Mini peppers delight Prime Time
Mini peppers delight Prime Time
Consumers just don’t seem to be able to buy enough of the bagged mini peppers that have skyrocketed in popularity over the last year or two.
“We can’t seem to find the ceiling (on production),” quipped Mike Aiton, marketing manager for Coachella, CA-based Prime Time International. “We continue to expand production. In fact, we are going to at least double what we did last year and demand is still very good.”
When the mini pepper was first introduced, marketers assumed it was a bit of a specialty item. It was sold in 12-ounce clamshells, assuming that the consumer would use it somewhat sparingly. The 12-ounce clamshell has now been replaced with one and two-pound bags and Mr. Aiton said the two-pound bag is the big mover.

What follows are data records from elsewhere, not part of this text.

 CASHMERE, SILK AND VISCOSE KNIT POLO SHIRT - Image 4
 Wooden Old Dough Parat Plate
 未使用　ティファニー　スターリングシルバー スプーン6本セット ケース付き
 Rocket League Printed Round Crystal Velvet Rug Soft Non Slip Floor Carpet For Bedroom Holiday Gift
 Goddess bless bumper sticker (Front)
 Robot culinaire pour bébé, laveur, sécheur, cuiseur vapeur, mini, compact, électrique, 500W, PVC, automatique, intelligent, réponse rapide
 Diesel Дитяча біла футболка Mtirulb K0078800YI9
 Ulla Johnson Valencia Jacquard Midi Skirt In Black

Of course, the colored pepper category, consisting of all shape and sizes, is a great success story and has fueled Prime Time’s growth for the past 15 years. Mr. Aiton said the standard size colored pepper in green, red, yellow and orange are still the firm’s signature commodity. Prime Time produces these peppers 365 days a year from various growing regions ranging from its headquarters in the Coachella Valley to several Mexico locations. The company continues to experiment with other colors — including purple, white and brown — but the other four are the standard bearers for that category, and are a must have for virtually every retailer in the country.
Coachella Valley produces the bulk of the firm’s annual production but it just gets too hot in the desert environment at the peak of the summer. From July through September, production moves elsewhere. For the immediate future — the December to April time period — both Baja California and mainland Mexico offer growing districts to compliment the firm’s California desert production.

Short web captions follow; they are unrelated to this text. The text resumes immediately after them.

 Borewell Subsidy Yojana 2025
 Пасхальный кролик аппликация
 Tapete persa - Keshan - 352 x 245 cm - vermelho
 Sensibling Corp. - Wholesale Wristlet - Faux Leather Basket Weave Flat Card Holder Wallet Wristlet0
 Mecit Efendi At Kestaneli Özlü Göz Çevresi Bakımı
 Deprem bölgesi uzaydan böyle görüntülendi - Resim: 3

Mr. Aiton believes that the winter holiday season, as well as the following few months, will see great supplies of peppers. “There should be promotable supplies for that entire time period,” he said.
He said the scuttlebutt in Mexico is that the uncertainty surrounding the talks about the tomato suspension agreement between the United States and Mexico caused some below the border growers to look for other opportunities. “We hear that some growers might have cut back their tomato acreage and increased their plantings of peppers,” he said. “There should be plenty of peppers this winter.”
While Mexico does consume a lot of peppers of all varieties, the commercial colored peppers grown in greenhouses, shade houses, under mesh and in open fields are almost exclusively grown for the U.S. and Canadian markets.
Mr. Aiton said researchers continue to improve and upgrade the varieties grown but the changes are subtle and not particularly noticeable to the untrained eye.